DATASET CONTENT ->
----

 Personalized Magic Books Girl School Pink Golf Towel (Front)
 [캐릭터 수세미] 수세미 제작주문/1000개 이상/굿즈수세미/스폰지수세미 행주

----

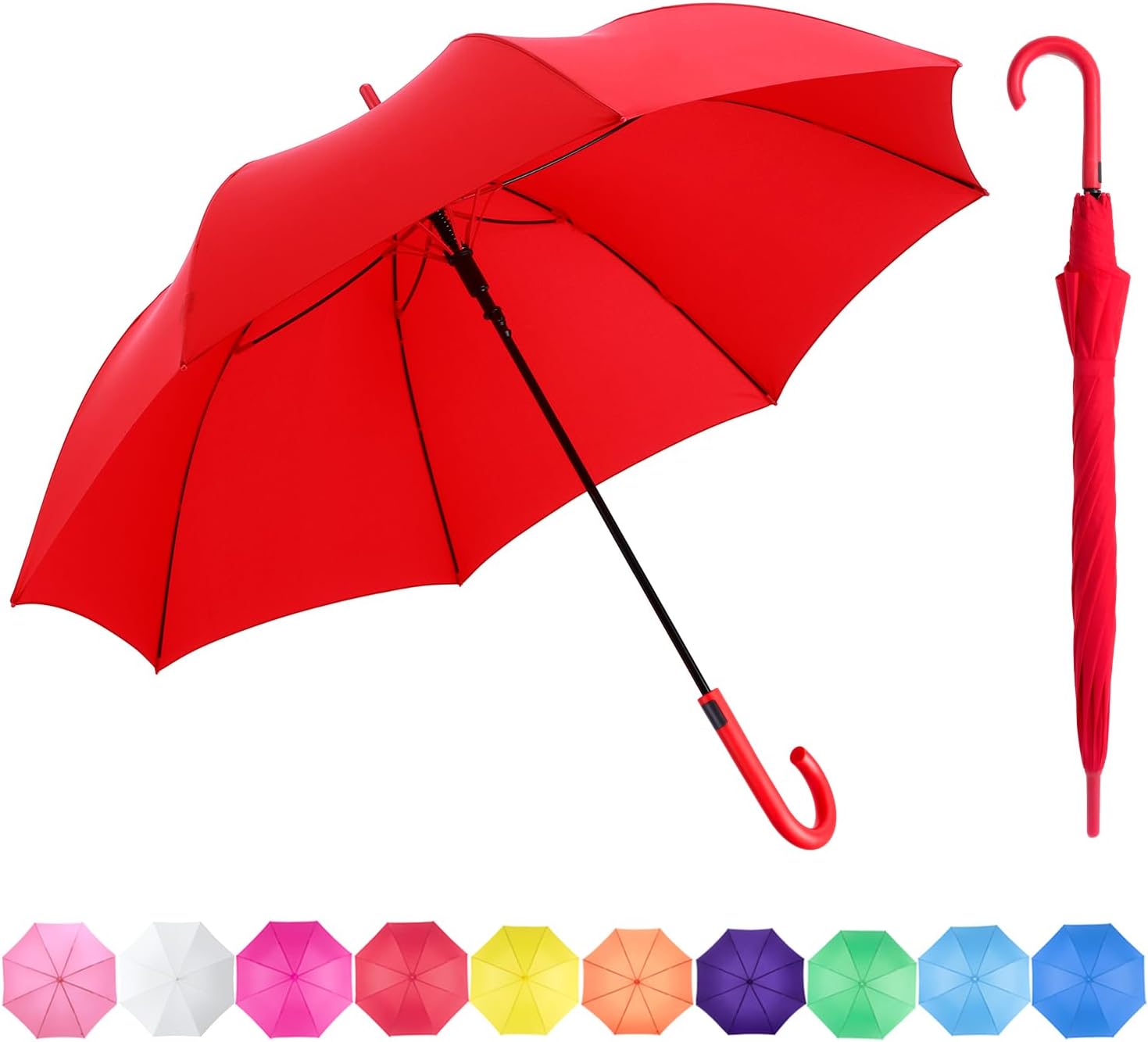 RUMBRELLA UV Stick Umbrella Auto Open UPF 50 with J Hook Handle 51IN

----

EXERCISE DETAILS -> The required output is every line above from the one with "Personalized Magic Books" down to the one with "[캐릭터 수세미] 수세미 제작주문/1000개 이상/굿즈수세미/스폰지수세미 행주", restated word for word, ends included.

RESPONSE BOX ->
 Personalized Magic Books Girl School Pink Golf Towel (Front)
 [캐릭터 수세미] 수세미 제작주문/1000개 이상/굿즈수세미/스폰지수세미 행주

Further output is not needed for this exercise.